My last post focused on the most jarring goodbye.
A goodbye that shouldn’t have occurred for decades.
Some of us had the chance to gather with Steven in mind again at a memorial service in the L.I.T. Student’s Union.
The sun shone again. I soaked it up afterwards with another friend of mine.
I’ve just realised that I entirely skipped over the memorial there.
The first section, the religious part, didn’t really mean much to me.
It was what it was. A tradition that offers comfort to some but I felt removed from it.
Removed from Steven. It wasn’t until the priest stopped talking and the people who had spent time in the Student’s Union, working and hanging out with Steven, started sharing poetry and singing that it felt like we were focused on the little goofball.
That’s when the tears started again. Feeling sad together followed by talking and soaking up the sun afterwards seems a bit surreal but it feels good to hang onto our happy times with the friends who are still around. Maybe that’s the best way to help make sure that they stay sticking around. Be sad. Share the sadness. Recognise that we’re not alone in it. Remember. Share the memories and make sure that our friend lives on in our thoughts and in our continued friendships. That he’s remembered in our continued happy times, because we did have happy times with him.
There come my tears again.
Oh, the plans that we discussed that have lost their momentum because he’s not around. They’ll get done in some shape or form but they won’t be what they could’ve been with his energy. One of those little plans was to arrange for Steven to meet Wyatt. I thought that there was all the time in the world to arrange that. Megs was going through some of the photos of Wyatt and saw that Steve had liked some of them. So bittersweet.
I want to hold my friends tight to me. Some of them I don’t get to see enough and I need to remedy that because there isn’t all the time in the world.
I also need to get back into my blogging. The surge in stats after my last post blew me away.

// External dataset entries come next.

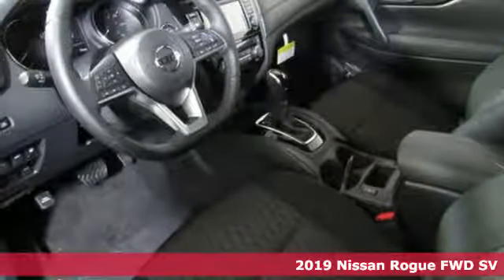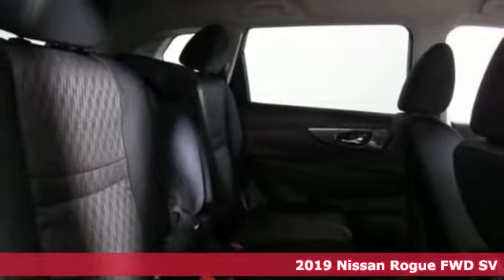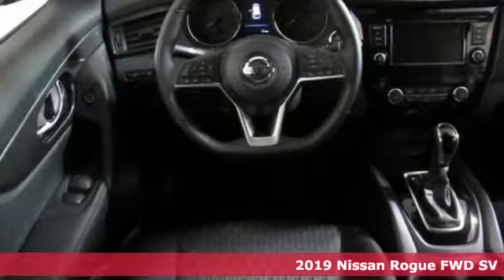Here's a new 2019 Nissan Rogue. Long, tall, or wide, there's plenty of cargo and passenger space inside this sharp-looking crossover.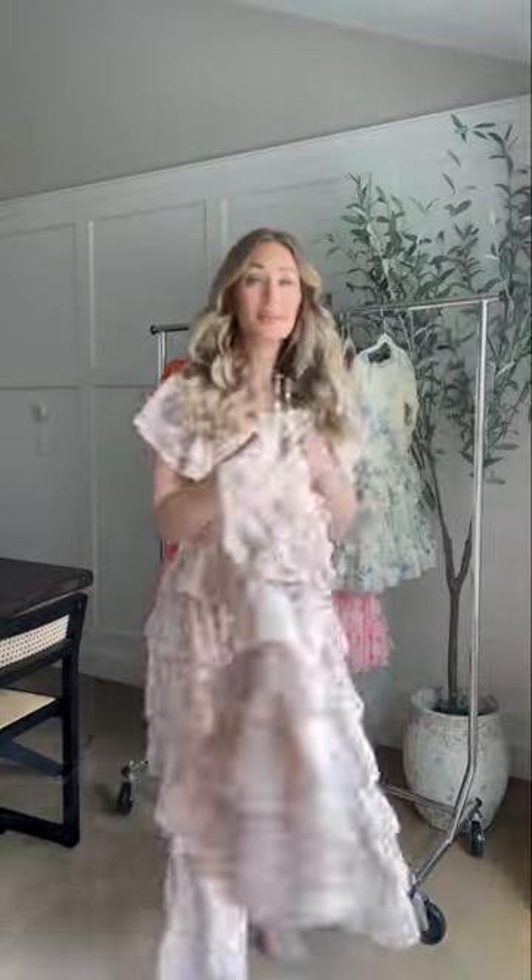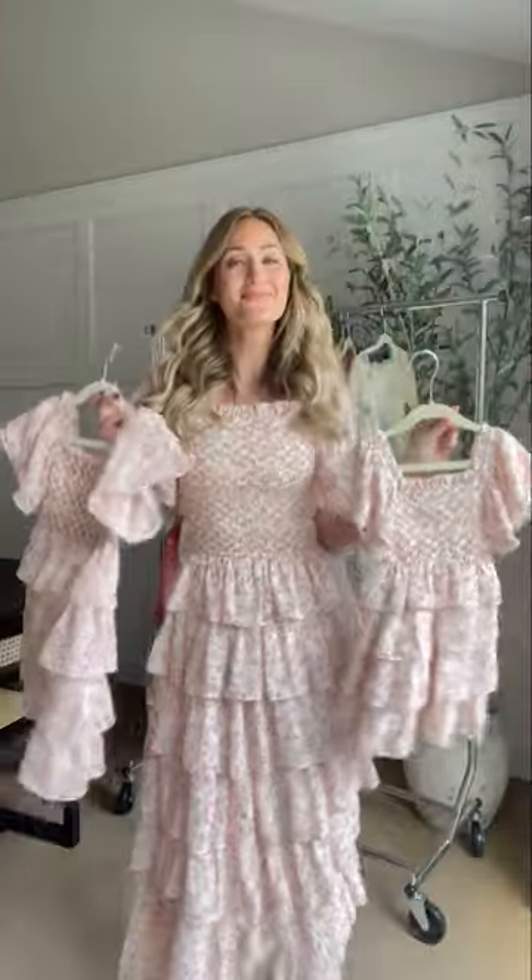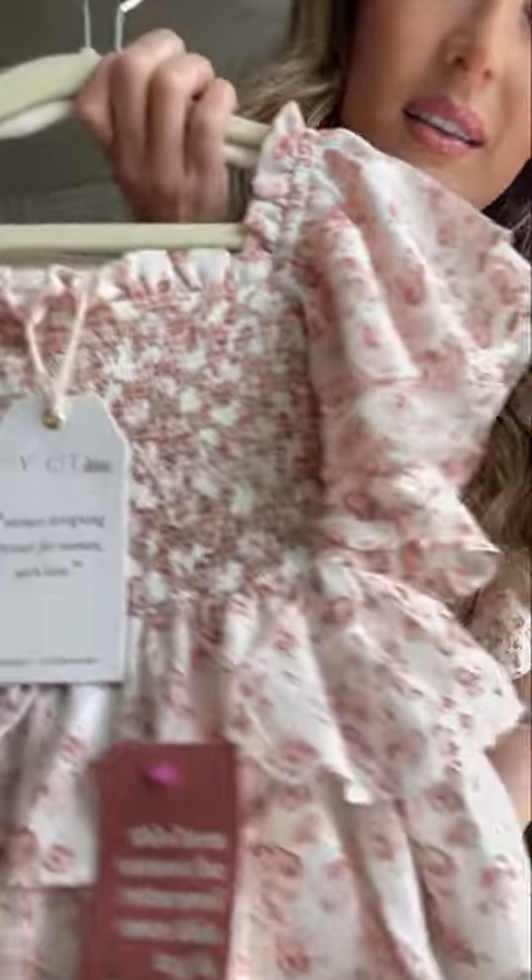Meet our new Grace dress in this rose floral print — it's so stunning. I love the flow of this; it's a really soft, flowy chiffon. I love the honeycomb smocking on it, it's really such a beautiful detail. Here's an up close of it — look at that. It's got this rosy color with the floral.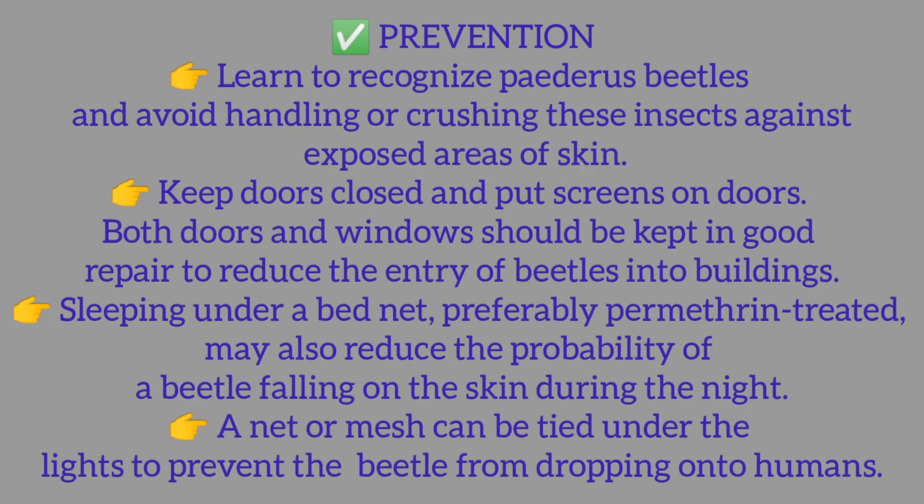Prevention: Learn to recognize Pederis beetles and avoid handling or crushing these insects against exposed areas of skin. Keep doors closed and put screens on doors. Both doors and windows should be kept in good repair to reduce the entry of beetles into buildings. Sleeping under a bed net, preferably permethrin-treated, may also reduce the probability of a beetle falling on the skin during the night.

I found it difficult to come back to my little corner of the blogosphere and chatter on about crafty endeavours when my last post was about such a sad farewell. I’m told that what I wrote was touching and made people cry (but in a good way, if that’s understandable). Once I’ve got money for ink I’m going to print out a copy of the post along with some photos of Steve for his sister.
So now I’m reclaiming my craft blog as a craft blog and giving myself permission to revel in the craft that makes me so happy.

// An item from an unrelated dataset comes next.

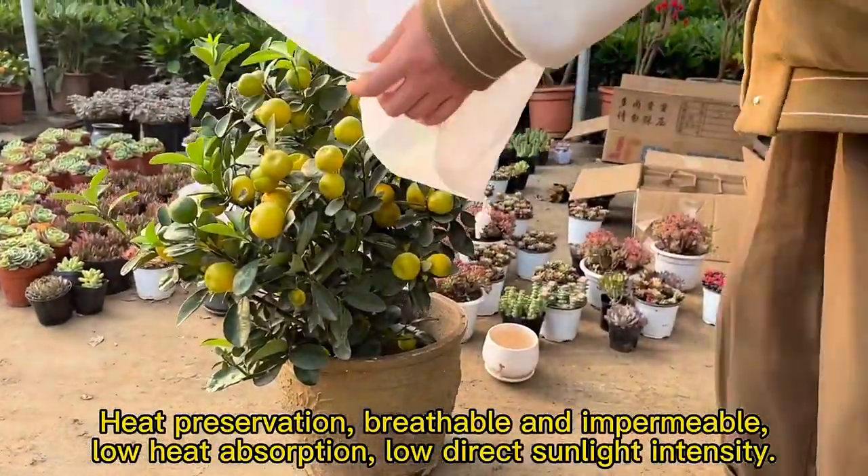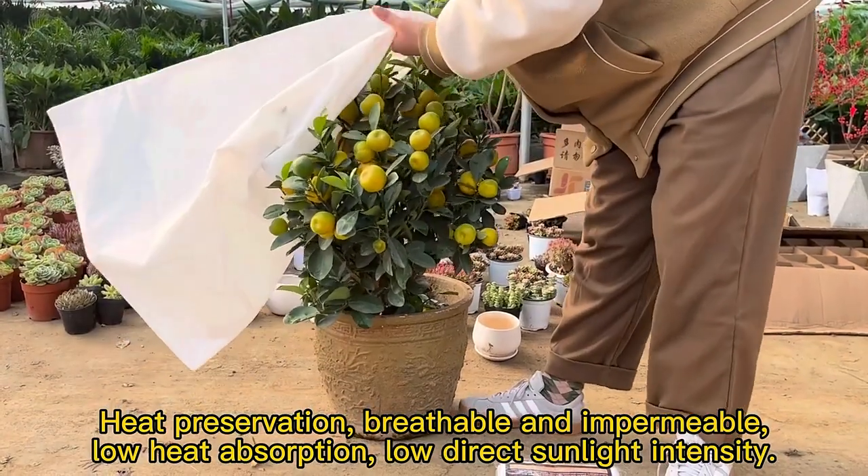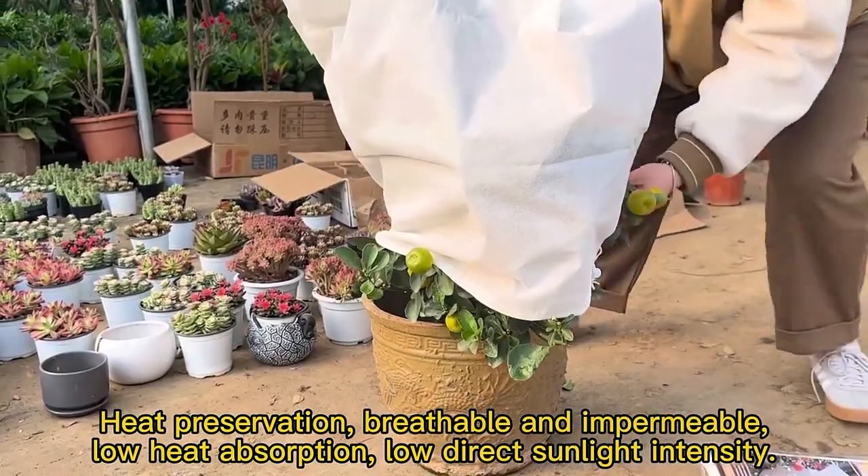Heat reservation, breathable and impermeable, loose-heat retention, lightweight, with controlled sunlight intensity.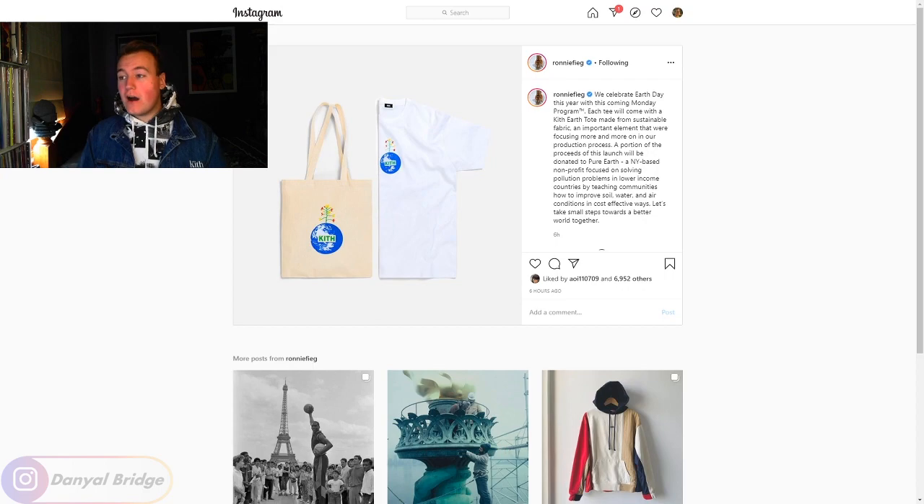Just to forewarn you, the pieces showcased in Ronnie Fieg's Instagram may not be all the pieces releasing in the Monday Program — we sometimes get a couple more. Hopefully the Instagram post covers everything releasing this Monday Program, and we're just going to have to see. Without further ado, let's head over to Ronnie Fieg's Instagram and talk about the Earth Day Kith Monday Program.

Life’s far too short not to secure our happy places for ourselves.
It was my birthday the day after Steve’s funeral. I’m midway through my 30’s. Yikes!
So this is a thing. Getting a card from my grandson before he can sit unaided. 🙂
It’s also a thing that my offspring is in a position to treat me to dinner on my birthday. She chose The Hampton’s Bar & Grill. Our waiter found out that it was my birthday as he was taking a family picture of myself, Megs and Wyatt. He arranged for a lit candle to be put on my dessert and for a half a dozen of his colleagues to join him in singing “Happy Birthday” to me. I was charmed (and rather red-faced).
I got to spend the morning of my birthday doing a craft demo in Hickey’s. Colourful felt flowers were the order of the day.
I also got to make this colourful bunny. It turned out quite well for my first pattern based sewing project.
I’ve done quite a bit of machine sewing over the last few months. I’ve had quite the steep learning curve while doing it.
I think I’m getting there though.
Anyhow, I’m glad I’ve gotten back to craft blogging.
Have a great Riverfest and Bank Holiday weekend.